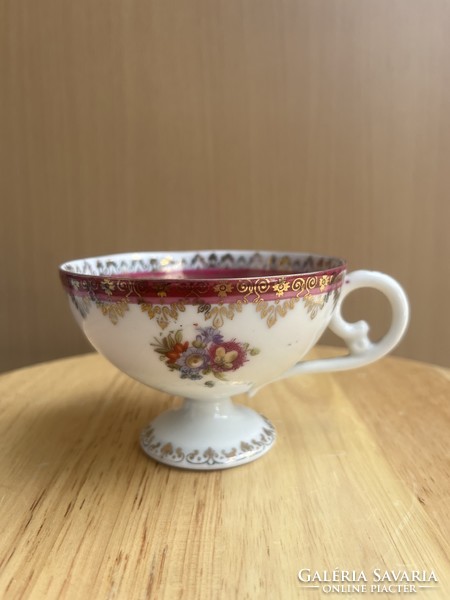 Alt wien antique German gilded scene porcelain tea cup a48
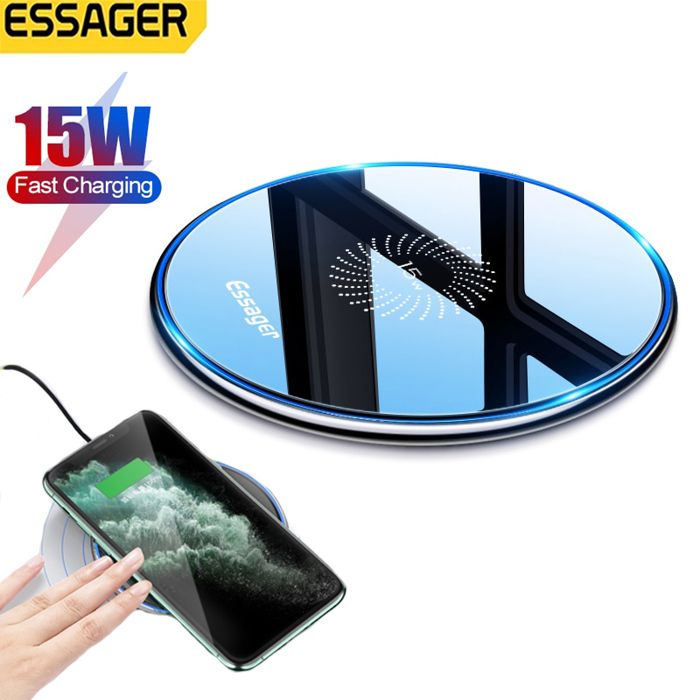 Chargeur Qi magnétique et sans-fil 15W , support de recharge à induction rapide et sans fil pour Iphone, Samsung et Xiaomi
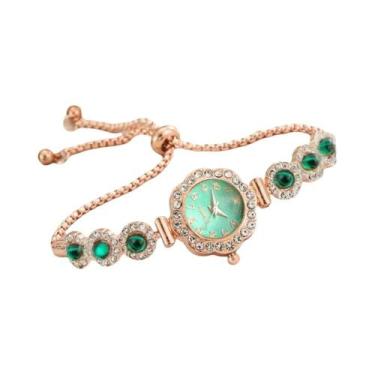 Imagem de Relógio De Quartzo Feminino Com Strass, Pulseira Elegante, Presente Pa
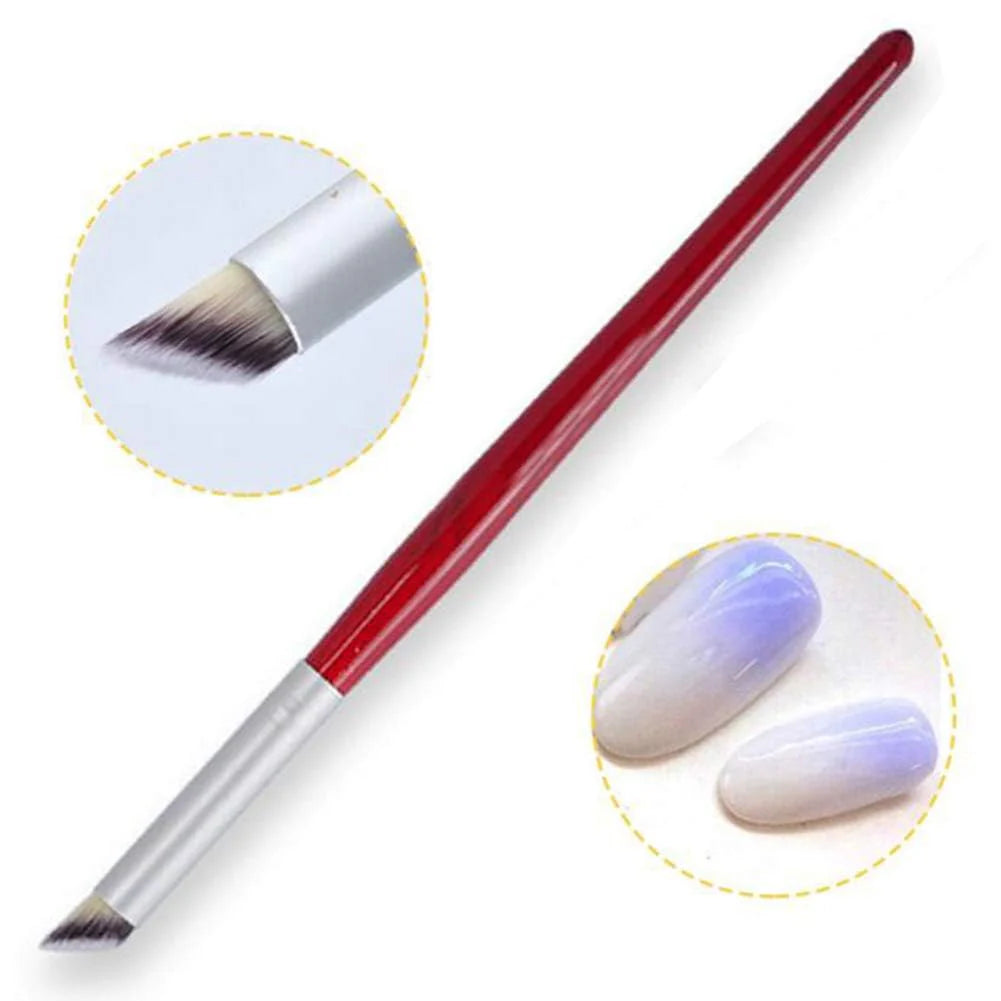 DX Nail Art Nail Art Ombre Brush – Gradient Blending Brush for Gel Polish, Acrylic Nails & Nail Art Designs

...

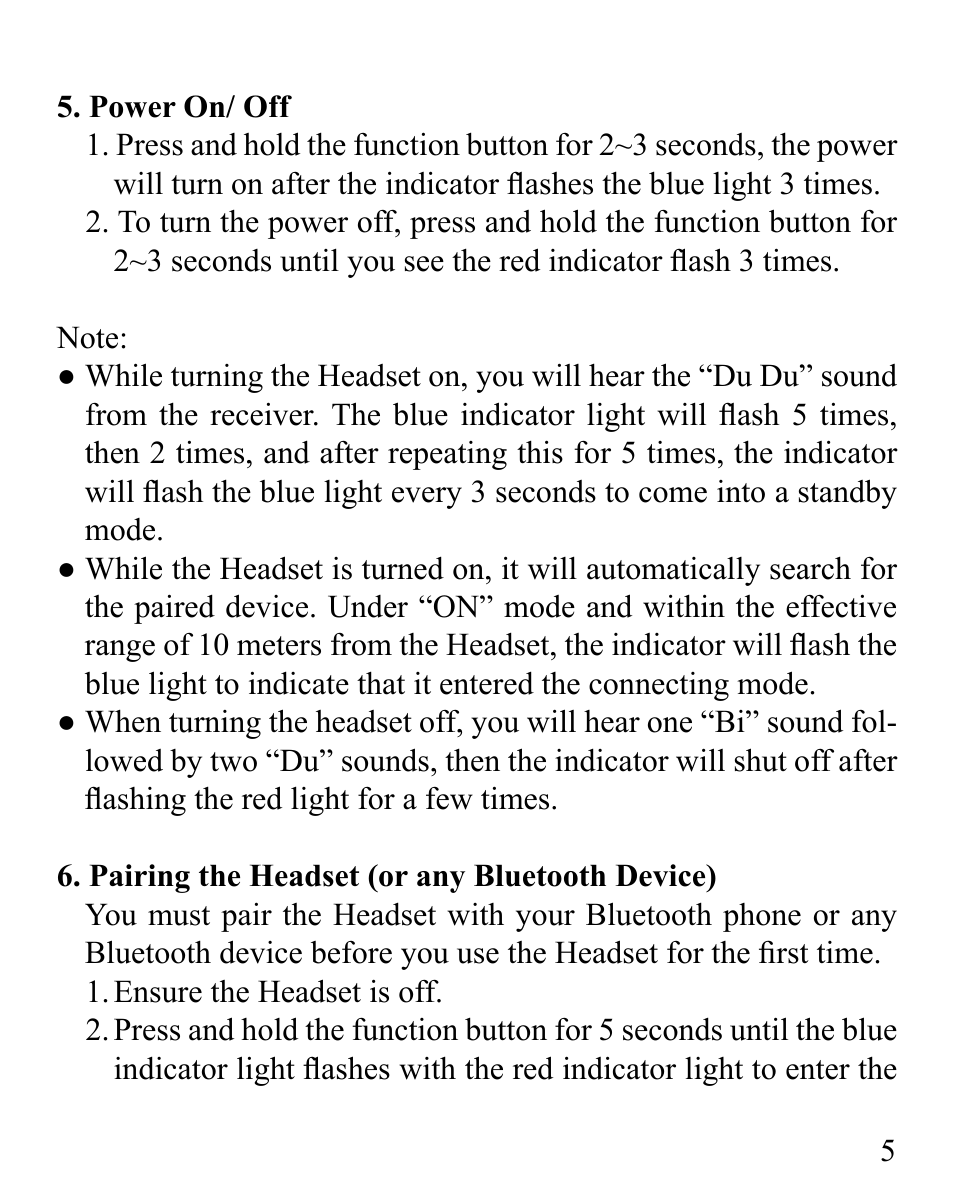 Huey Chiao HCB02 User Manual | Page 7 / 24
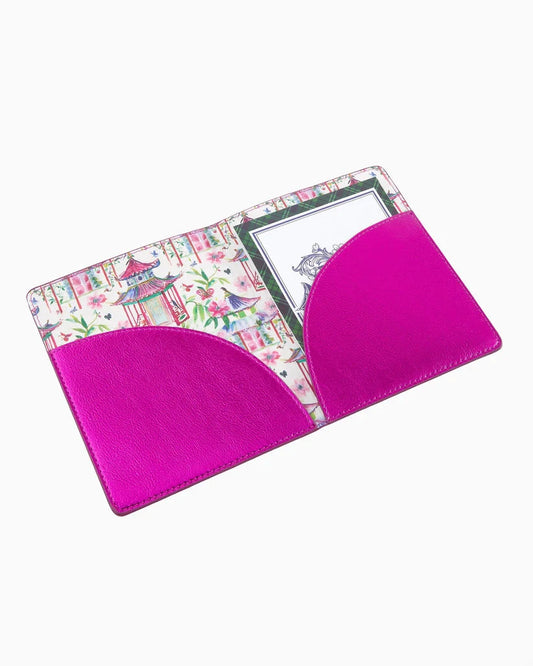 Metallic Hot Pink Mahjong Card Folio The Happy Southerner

* * *

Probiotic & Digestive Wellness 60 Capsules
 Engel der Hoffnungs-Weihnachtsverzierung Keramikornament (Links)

Work request
Would you quote everything above from the line containing "Probiotic & Digestive Wellness 60 Capsules" down to the line containing "Engel der Hoffnungs-Weihnachtsverzierung"? Include both of those lines and nothing else.

Completed exercise
Probiotic & Digestive Wellness 60 Capsules
 Engel der Hoffnungs-Weihnachtsverzierung Keramikornament (Links)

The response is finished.